» DATASET EXTRACT:
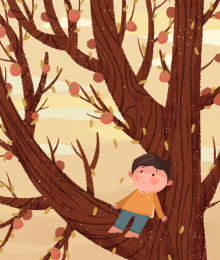 柿子树上的男孩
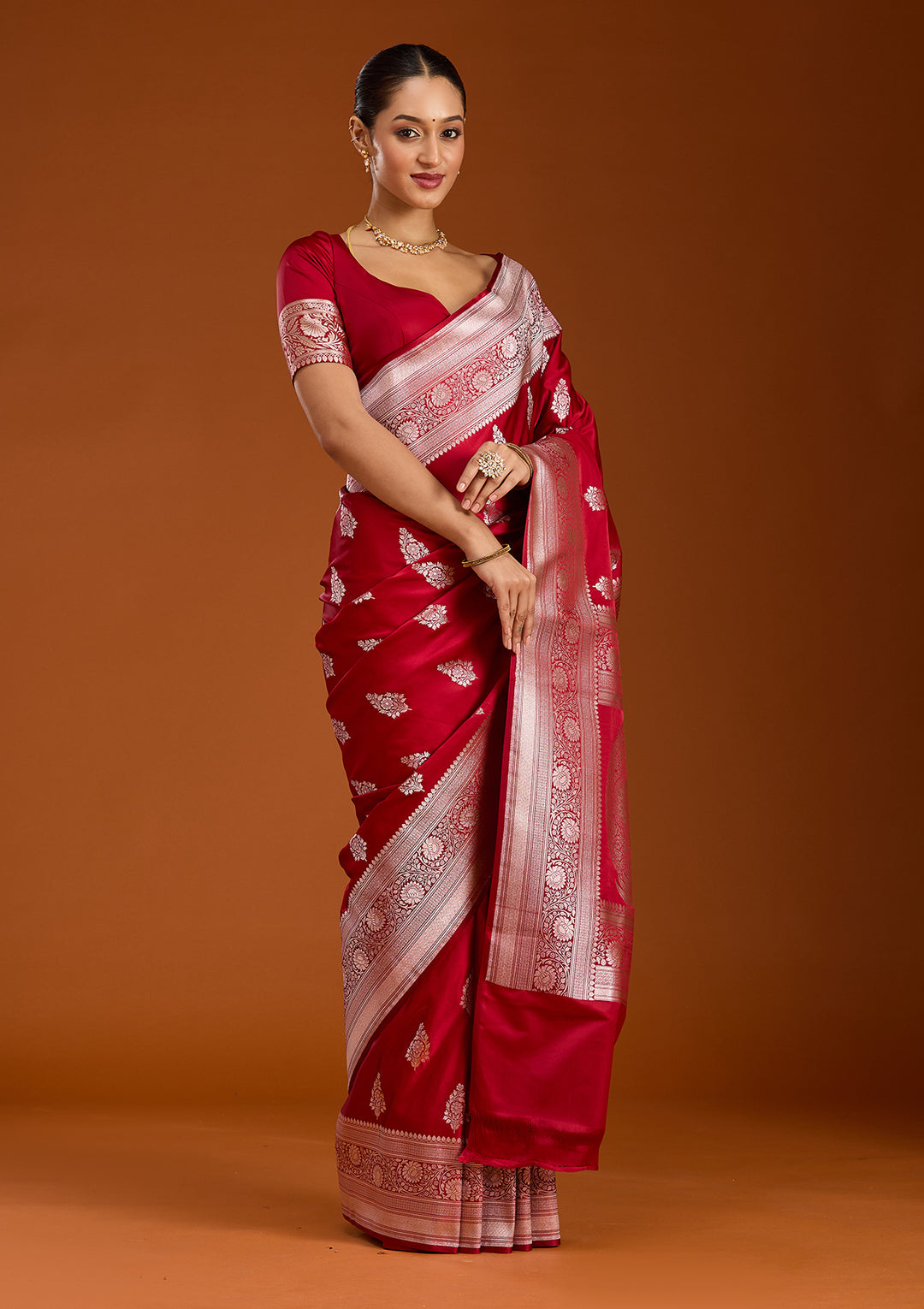 Maroon Zariwork (Silver) Satin Silk Saree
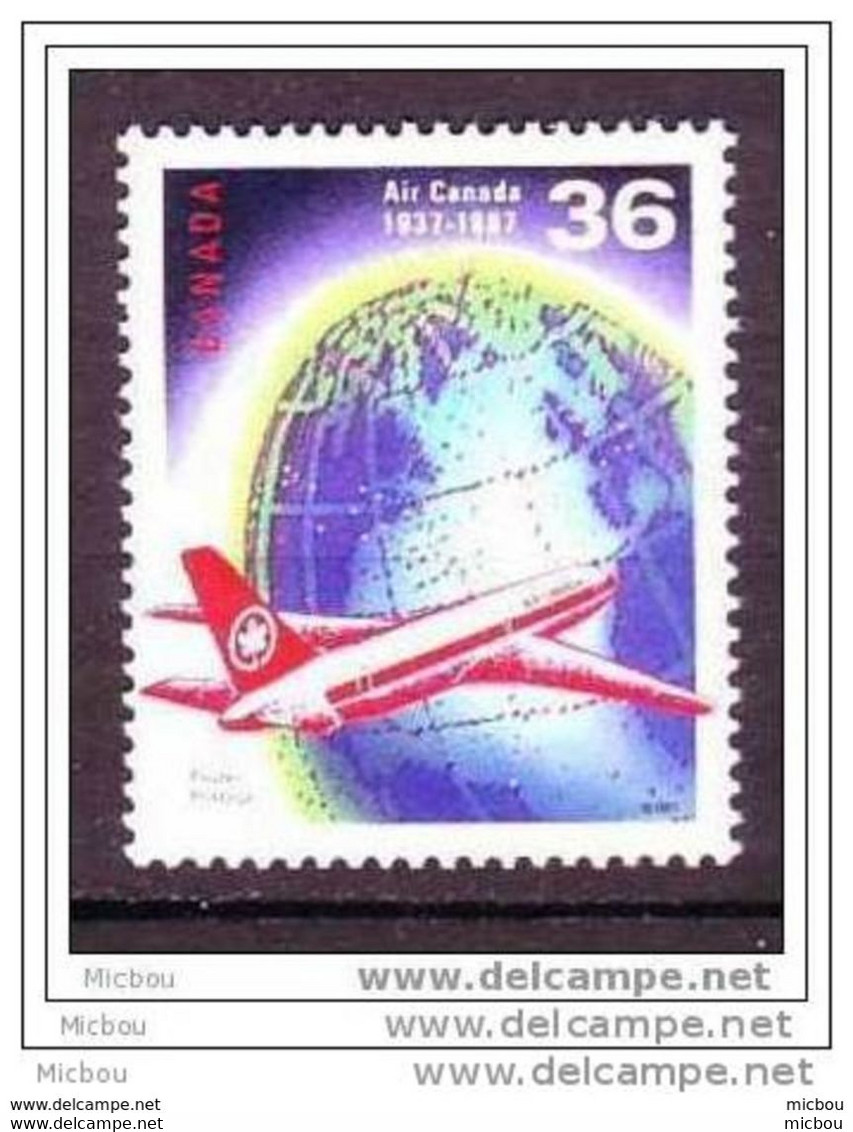 Canada, 1987, #1145, Air Canada, Avion, Plane, Terre, Earth - Aerei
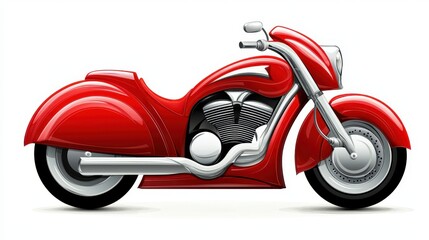 Fototapeta premium A striking red motorcycle with a sleek design, featuring a prominent chrome engine and smooth lines, embodying speed and style.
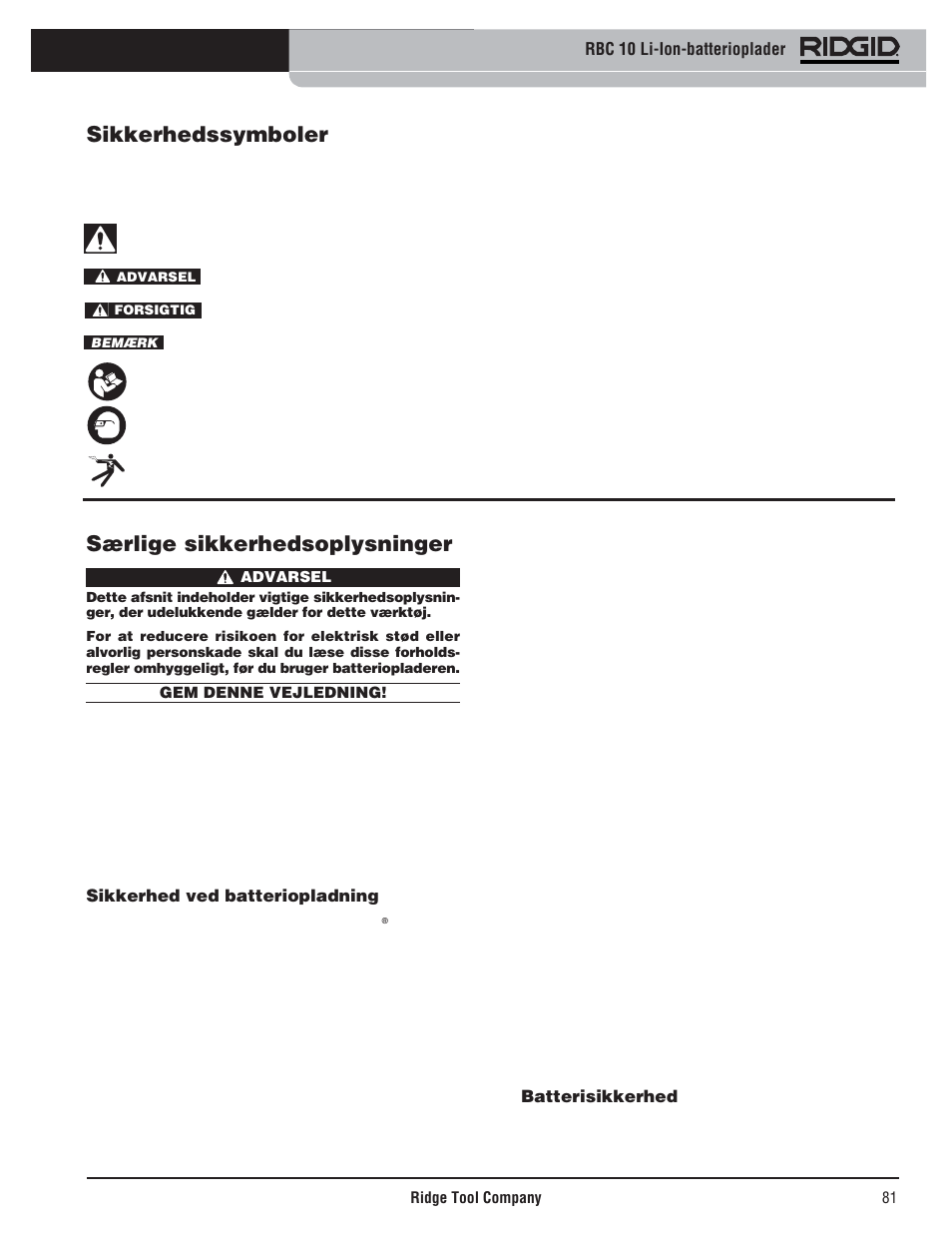 Særlige sikkerhedsoplysninger, Sikkerhedssymboler | RIDGID RBC 10 Li-Ion Charger User Manual | Page 83 / 221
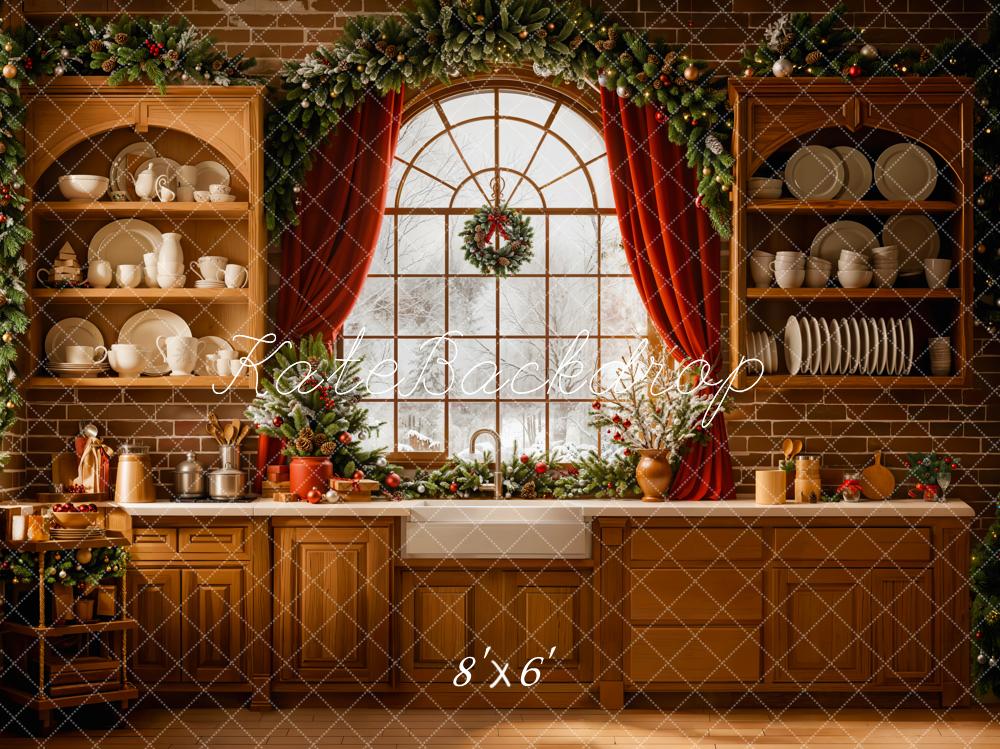 Kate Christmas Kitchen Window Garland Fleece Backdrop Designed by Emetselch
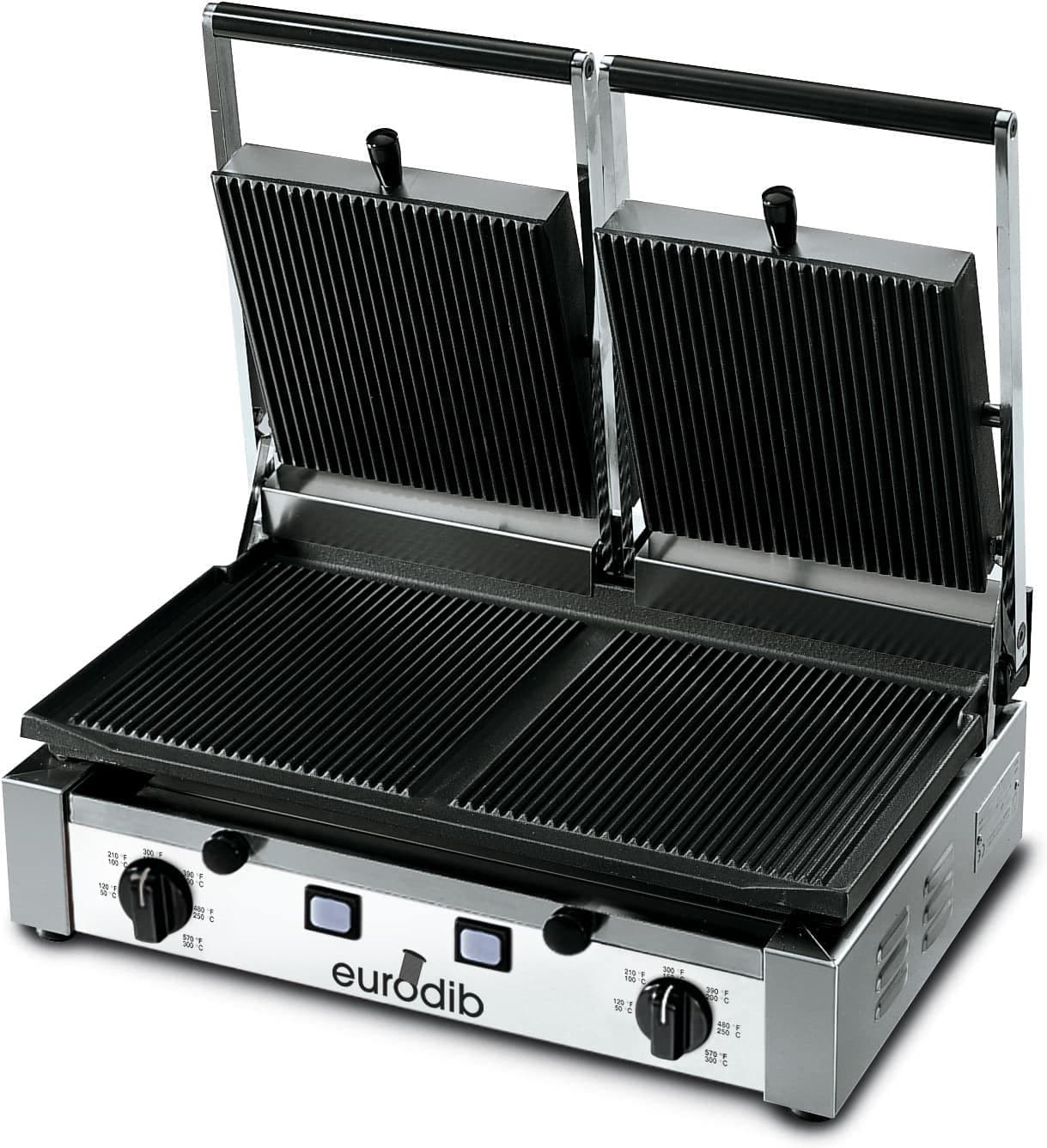 Eurodib – PD Double Electric Panini Grill 220V w/ Ribbed Top & Bottom – SMSPDR3000220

» WORK TASK:
Your answer must be the lines above from the one holding "Canada, 1987, #1145, Air" up to and including the one holding "Kate Christmas Kitchen", exact and with no pictures.

» SOLUTION FOR THIS PROBLEM:
 Canada, 1987, #1145, Air Canada, Avion, Plane, Terre, Earth - Aerei
 Fototapeta premium A striking red motorcycle with a sleek design, featuring a prominent chrome engine and smooth lines, embodying speed and style.
 Særlige sikkerhedsoplysninger, Sikkerhedssymboler | RIDGID RBC 10 Li-Ion Charger User Manual | Page 83 / 221
 Kate Christmas Kitchen Window Garland Fleece Backdrop Designed by Emetselch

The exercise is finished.